Will lent me the greatest camera I’ve ever held, but loads of DSLRs these days will shoot video and if you can’t borrow one, look for a rental. I rented some audio gear so that wind noises wouldn’t be louder than me, which really pays off. That fancy gear as operated by my very talented friends pushed the production value through the roof, but this was really all done on a shoestring budget. The zeppelin (the fuzzy thing covering the microphone), boom pole, microphone and portable sound recorder were rented for a total of around $60. Totally worth it.

Product photography

I’ve never done product photography before, but thankfully there was enough instruction online to get me most of the way, and Anthony answered my photography questions.

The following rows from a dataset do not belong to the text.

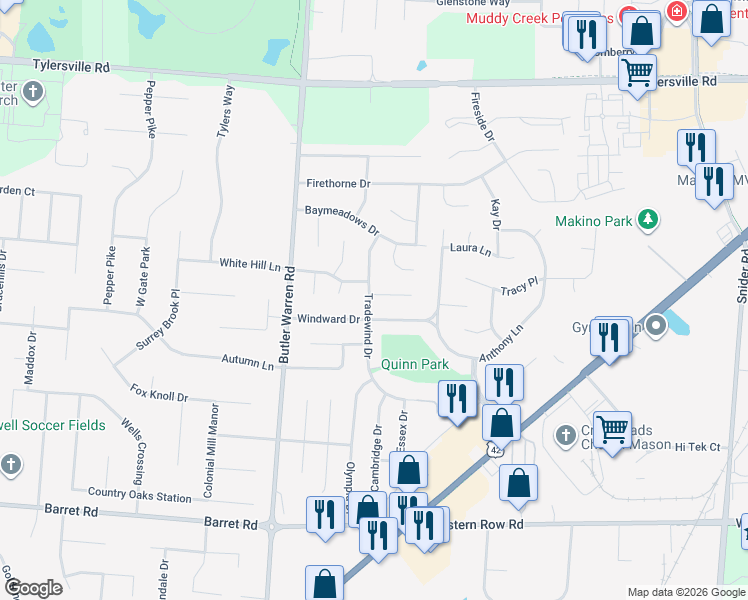 map of restaurants, bars, coffee shops, grocery stores, and more near 1350 Jennings Court in Mason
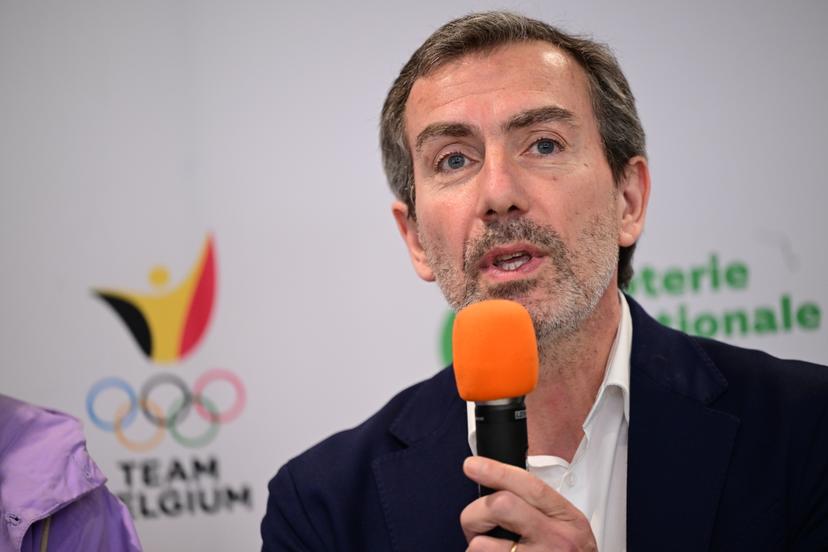 BOIC-COIB board member Marc Coudron pictured during the presentation of the Urban Youth Games (31/05), at the Sippelberg Stadium (Stade Sippelberg) in Sint-Jans-Molenbeek - Molenbeek-Saint-Jean, Brussels, Thursday 21 March 2024. This marks the start of the 8 events planned for 2024, with as culmination of the first European edition in Paris. The Urban Youth Games aim to bring together children from different backgrounds, with or without disabilities, through sporting activities. BELGA PHOTO LAURIE DIEFFEMBACQ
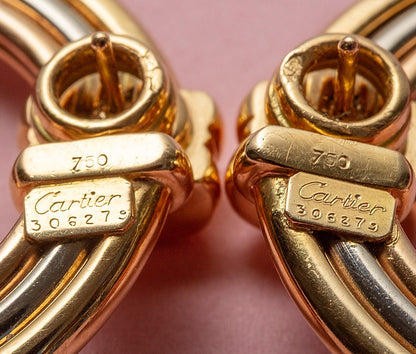 Vintage Cartier 18ct Gold Trinity Earrings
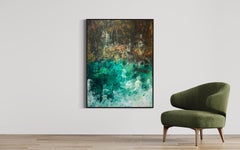 "Emerald Whispers" - Contemporary Abstract Painting in Green and Earth Tones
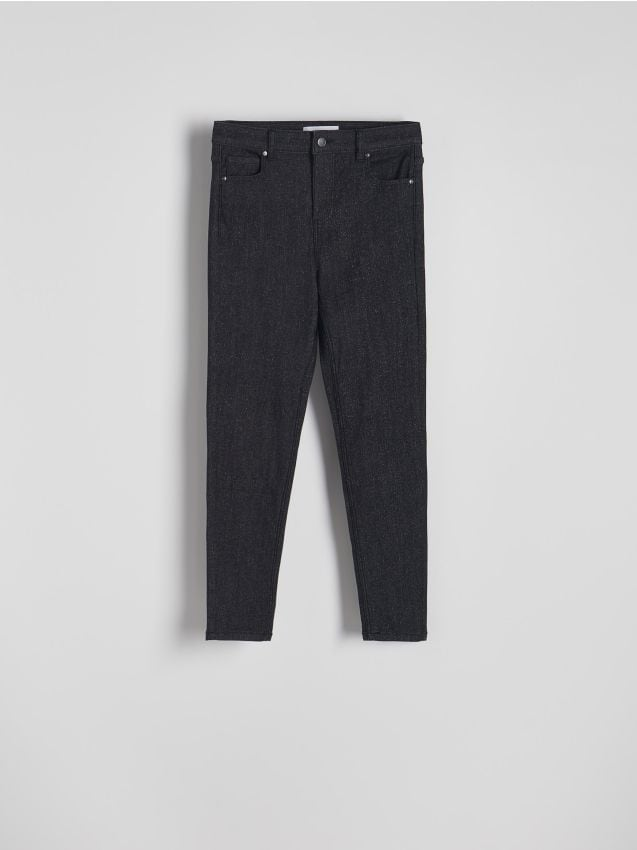 Reserved - Jeansy slim fit z błyszczącymi drobinkami - czarny miniaturka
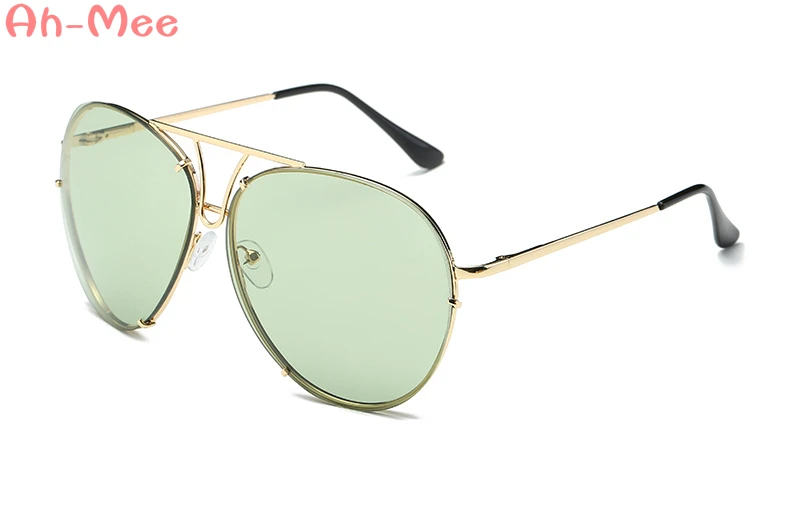

Oversized 2017 New Aviation Sunglasses Women Brand Designer Clear Gradient Pilot Mirror Sun glasses Flat Top Glasses UV400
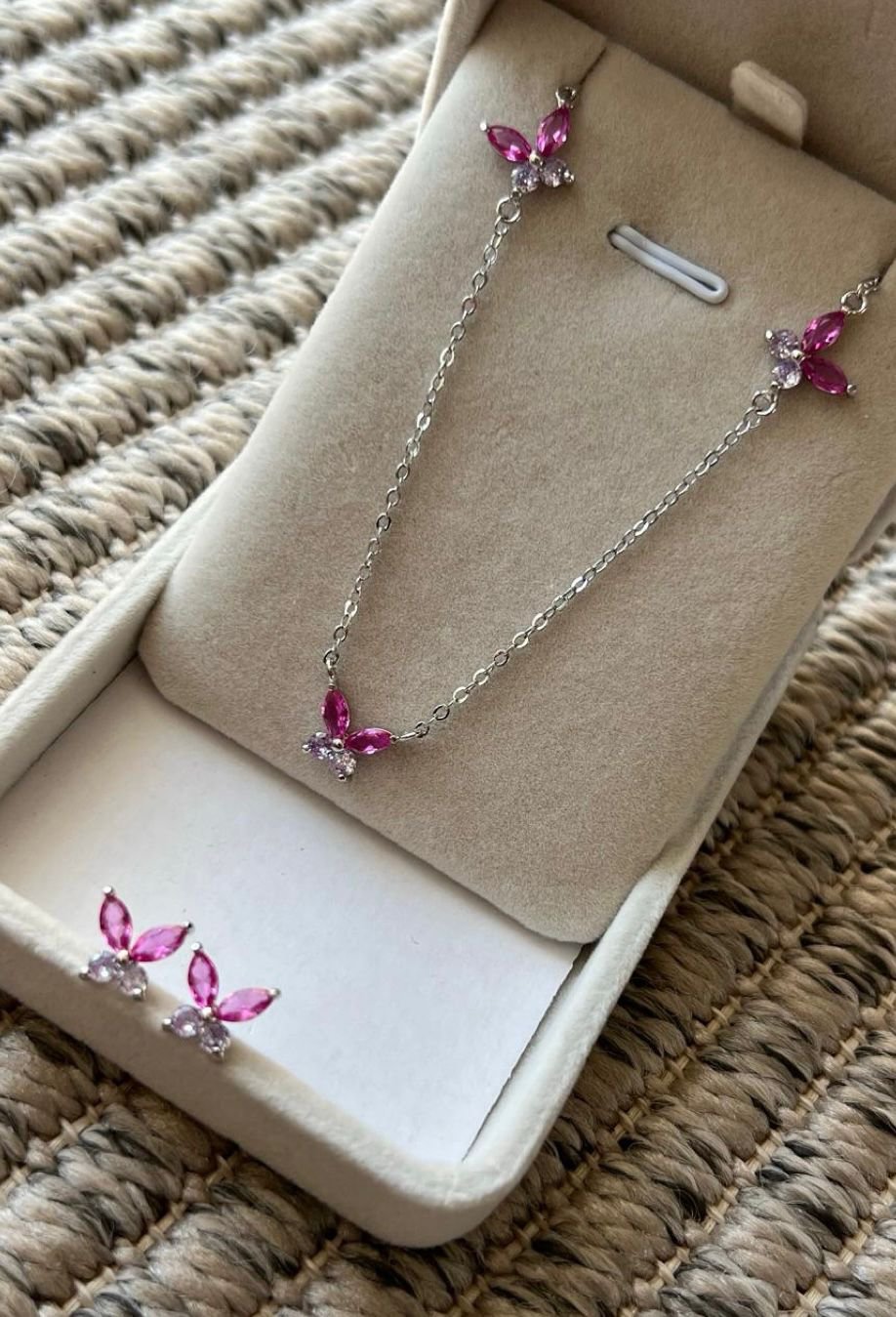 Conjunto Borboletas Safira Rosa e Ametista
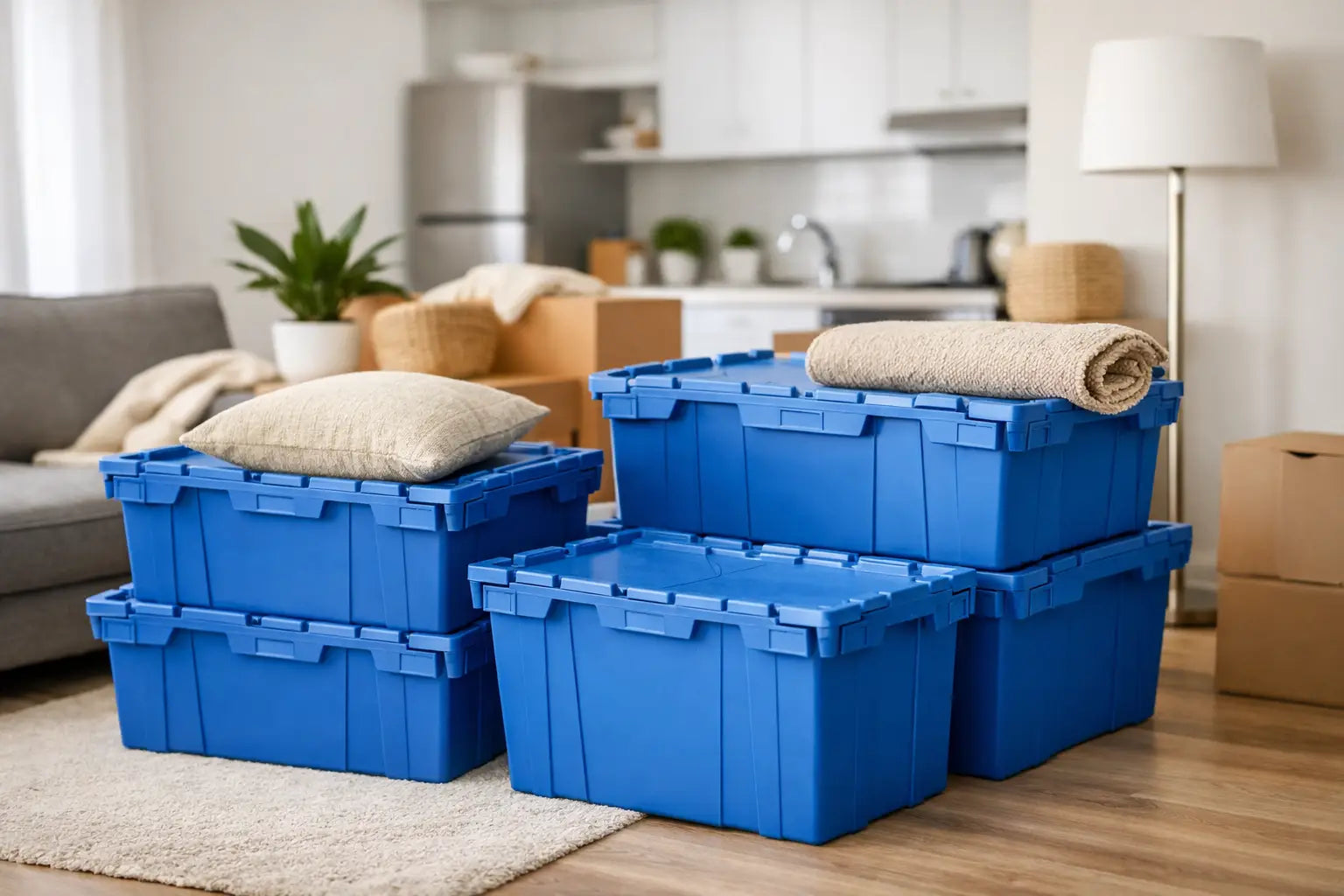 Cajas para mudanza en departamento pequeño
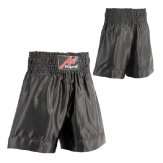 Plain Black Satin Muay Thai Training Shorts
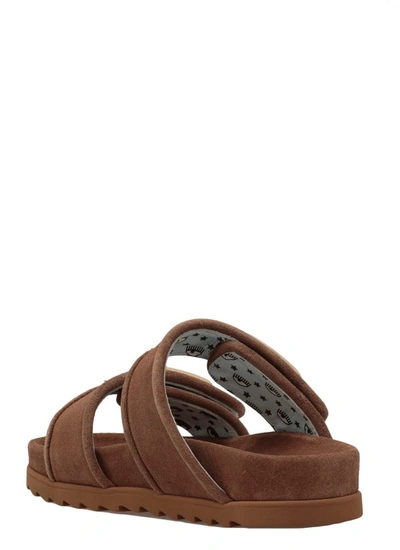 Shop Chiara Ferragni Logo Plaque Sandals In Brown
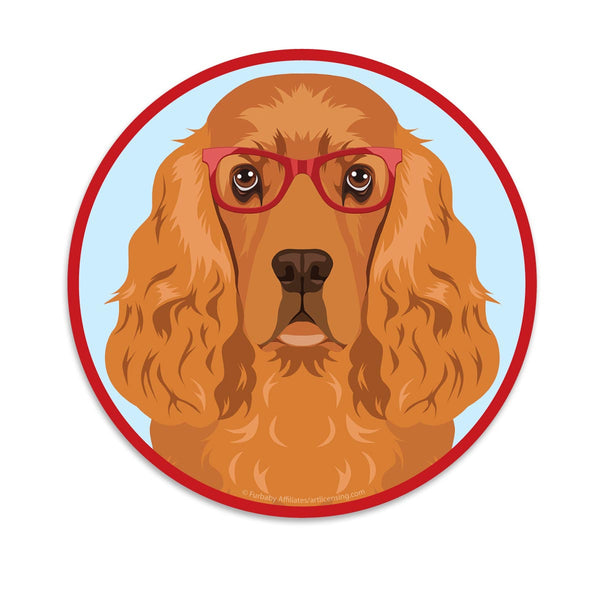 English Cocker Spaniel Dog Wearing Hipster Glasses Mini Vinyl Sticker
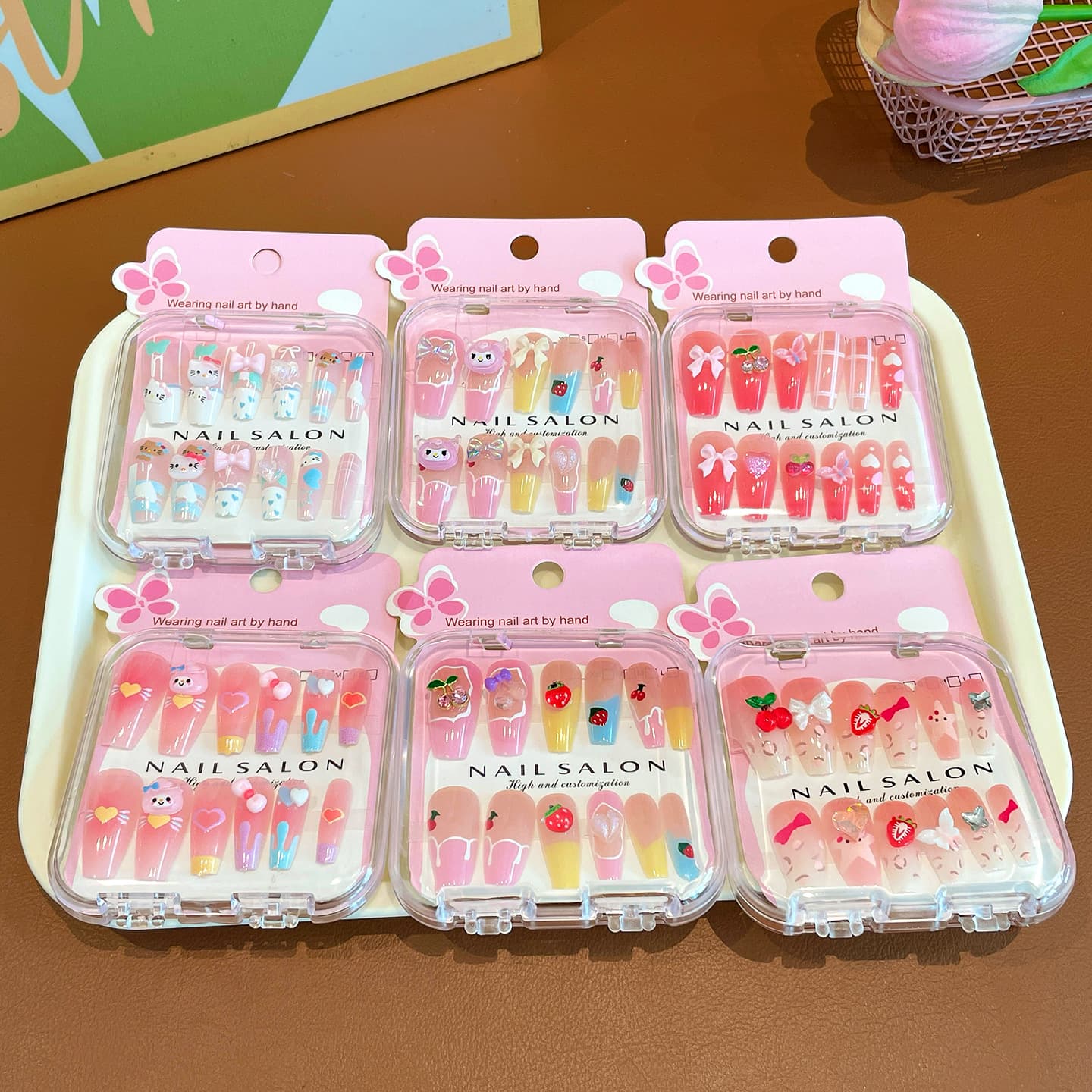 Cartoon Children's Wearable Nails Long Style Brightening Girl Nail Stickers 2025 New Medium and Big Girl Nail Art Stickers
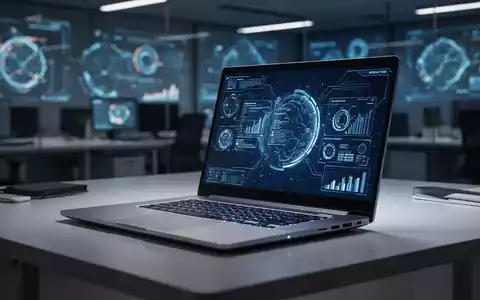 A sleek, open AI-enabled business laptop on a modern desk, with a vibrant screen displaying a professional interface. - Foto: über boerse-global.de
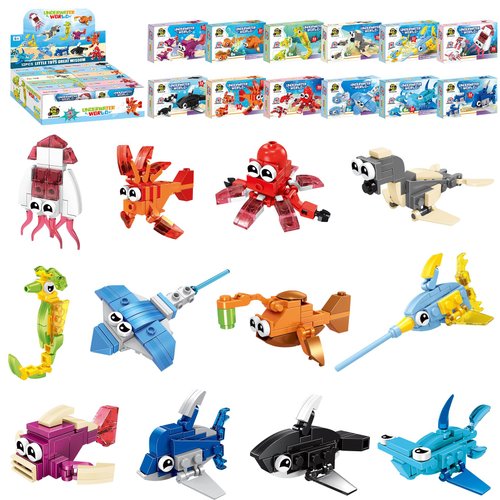 Jellydog Toy Ocean Party Favors for Kids, 12PCS Mini Marine Building Blocks Ocean Animal, Sea Creatures Building Blocks Set, Building Stem Toys for Birthday Party,Goodie Bags,Prize,Cake Topper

Here’s what the scene in my apartment looked like:

Behind-the-scenes product photography

It looks dark in this picture, but the DSLR gets enough light in and the draped white paper (I put a roll from the craft store on my curtain rod) gives a seamless white backdrop.

Those are just clip-on light fixtures from the hardware store fitted (temporarily!) with PAR-20 halogen flood lights; with one mounted on my microphone stand and the other on Anthony’s tripod. The idea is to have a well-lit background reflecting light—after some adjustments, you’ll get it to the point that there aren’t harsh shadows around your subject and it’s picture-taking time. Foreground lighting is provided by a halogen desk lamp diffused through tissue paper.

I used aperture priority (Av on the camera dial) with the smallest possible aperture (biggest number) to maximize how much is in focus. I adjusted the exposure so that everything looked bright without having blown out (ie, completely white with no detail) areas of the photo—cameras have a feature to highlight over-exposed areas which comes in handy here, check your manual for how to turn this on.

The resulting picture only needed a little bit of white balance correction; Gimp‘s automatic white balance feature did a great job for that with no effort on my part.

The left side of the image is directly from the camera, and the right side is after white balance correction.

The left side of the image is directly from the camera, and the right side is after white balance correction.

The tools for making a good-looking video are cheaper and more accessible than ever. I hope this gives you some ideas and inspiration for your own project. Let me know if you find this post helpful when putting a video together; I want to see the video you make! Good luck.